Six Memos For The Next Millennium is a collection of lectures by Italo Calvino – planned, but never delivered. Although I’d purchased a copy of the book prior to viewing the show, I hadn’t read it. I knew that the exhibition was seeking to explore the six themes of the book – Lightness, Quickness, Exactitude, Visibility, Multiplicity and Consistency – but also believe that art should speak for itself without needing decoding. I often wonder this with themed exhibitions – am I valuing the expressions, or the extent to which I know it meets the theme? So I thought it more worthwhile to see what the show did with these themes without going into detail.
I think I was right to do so. There are several artworks here that I like as objects in themselves, which clearly tell their own stories. The first one I (and several other people) shared on Instagram is work from Luca Arboccò’s Three Channels (Trompe l’Oeil) series. This is for a good reason – not only is it beautiful, but it’s also There’s a film by Laura Robertson over the entrance passageway too which I like – Medusa has kinda become my ‘thing’ lately, and any artwork that’s a declaration for the defiant gaze is going to get my approval. And I also like Esther Gatón’s Tres Maneras de Sentarse sculptures – I’m not sure I understand them, but I enjoy them as objects.
Of course, there’s things that I really don’t like too. Such as Fabio Tasso’s E0BSY 18 – yellow, sludgy creations that I didn’t see the point of, or which theme they were working in at all. And whilst none of the photography was bad, some of it felt a bit ordinary. It’s not that Adam Lee’s Identity Documents stand out as not belonging – more that they could belong in so many places and be used to say so many things.
Ordinary is a particular problem when, as I said about the bad, I couldn’t get a sense of the theme.
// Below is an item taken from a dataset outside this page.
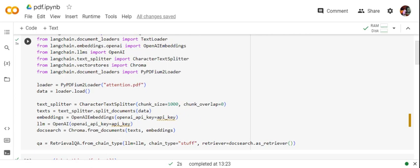to create embeddings for the text in this PDF. We'll do that using CharacterTextSplitter, which helps us preprocess the data before creating vector embeddings. Then we're generating embeddings and creating an LLM object using the OpenAI function where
Six Memos is an exhibition which very much leaves finding connections up to the audience. Reading through the guidebook later on, I spot that the lack of easily observable connections is a deliberate move to give the show:
“a fragmented structure that creates a series of interrelationships, and gaps…it is in places of the in-between that the meaning is formed.”
OK, they want us to create our own connections. So when an artwork does draw a blank, it’s frustrating because it’s like missing a piece of a jigsaw puzzle. Is the room making a statement that I’m missing? How can I tell if I don’t know what your art is saying and what it’s connecting to?
In other ways, connections are all over the place. Whether it’s maps and subways, or physical landmarks, the sense of place is everywhere. There’s a surprising physicality to the show, considering it’s about a work of literary criticism. I like it – it’s anchoring a high-concept theme in reality. I like Tjaša Kalkan’s Dialogues photographs (featured image) for this. Her interventions into ordinary street scenes are playful, not too serious. Why talk when you can act?
Six Memos comes across much more as a collection of individual pieces than a cohesive statement. I have now started reading the book, and am retrospectively starting to piece together the intentions of some of the artworks, and perhaps combinations. But is this what I’m meant to do? If we’re being honest here, are they expecting visitors to have each read Calvino before seeing the art? I suspect maybe yes, so there’s a gulf of expectation there. Whilst there’s art to enjoy and unpack on an individual basis, I feel like Six Memos misses an opportunity to give depth to the concepts it covers.